E infine quella certezza scomoda e indiscutibile: siamo al mondo per essere infelici. Avrebbe voluto consegnare a Von Arnim, ma forse a chiunque, tutta la sua disperazione.
Invece era riuscita soltanto a esibire il quadro clinico di Tom, sfoggiando tutto quello che aveva imparato in undici anni di transfert e controtransfert, sul divano di M.
Non gli aveva confessato di essere stata tutto quel tempo in analisi, nel tentativo di imparare ad adattarsi alla vita. M. era stato, in effetti, il primo «vecchio» della sua vita. E lei aveva fatto di tutto per sedurlo. Come da manuale. Non ci era riuscita, perché erano altre le regole del gioco.
Ma forse presentarsi a casa del vecchio che le aveva pagato una cena, regalato del danaro, consegnato un invito mondano e raddrizzato l’ego a forza di complimenti era stato un succedaneo di quel romanzo d’amore mancato.
Se no che cos’altro?
Certo aveva parlato troppo e ora taceva, spossata, come una nuotatrice appoggiata al bordo della vasca, gli occhi socchiusi, i muscoli ancora pulsanti.

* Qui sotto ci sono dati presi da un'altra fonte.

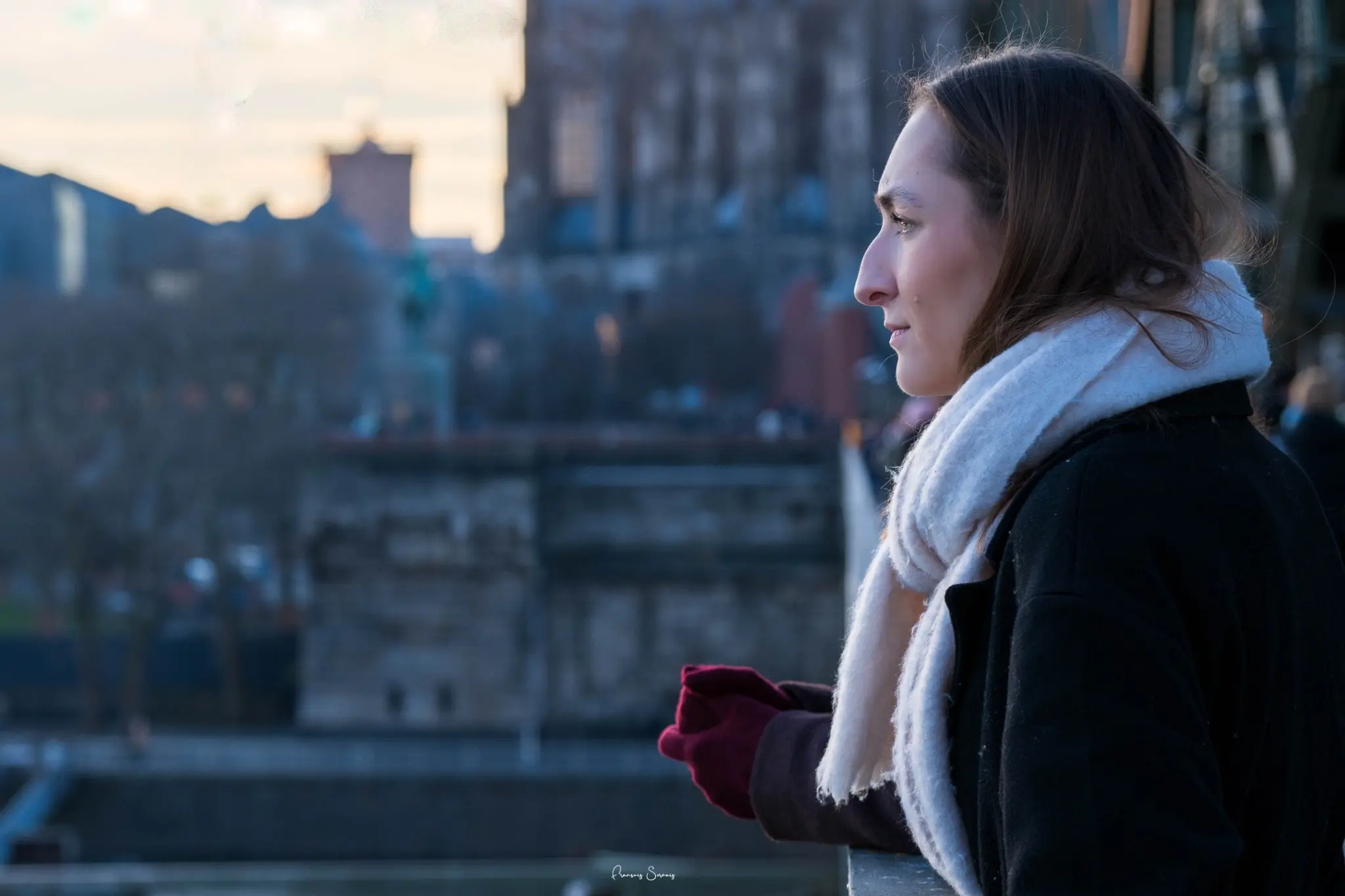 Jeune femme de profil, enveloppée dans une écharpe blanche, regardant la ville au bord de l’eau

Von Arnim le sfiorò una spalla. Ascoltarla era stato facile, la cosa giusta da fare, e anche offrirle un bicchiere di vino. Era stato facile nascondere lo stupore (per quanto, alla sua età, si configurasse come un regalo inestimabile) nel vederla inquadrata nel vuoto della porta, con la stessa tuta sporca che indossava a mezzogiorno, uno sguardo smarrito e una crosta di sangue rappreso sotto il naso.

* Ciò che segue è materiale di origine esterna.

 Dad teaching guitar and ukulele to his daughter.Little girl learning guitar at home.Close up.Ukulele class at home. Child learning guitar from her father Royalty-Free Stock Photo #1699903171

Dunque aveva litigato con il marito. La cosa non gli dispiaceva, naturalmente. Era uscita senza prendere niente, borsa chiavi portafoglio.
Non aveva intenzione di rimettere piede in quella casa finché c’era lui.
O almeno così aveva dichiarato, con quella passione per le decisioni che rendeva la giovinezza nello stesso tempo stagnante e movimentata.
«Posso offrirti ospitalità, se vuoi. La casa è grande», disse e poiché non aveva detto nient’altro la sua voce gli sembrò fredda.
Per correggere quella sensazione Von Arnim sorrise e aggiunse: «Dormivamo in due camere separate, io e mia moglie, ciascuna con il suo bagno e un salottino, per così dire, privato. I matrimoni longevi hanno bisogno di spazio e di tempo, di non vedersi appena svegli, di non guardarsi prima di andare a dormire».
Betta si lasciò accompagnare lungo un corridoio largo, fino ad una doppia porta imbottita. Von Arnim la aprì, accese una luce, le cedette il passo.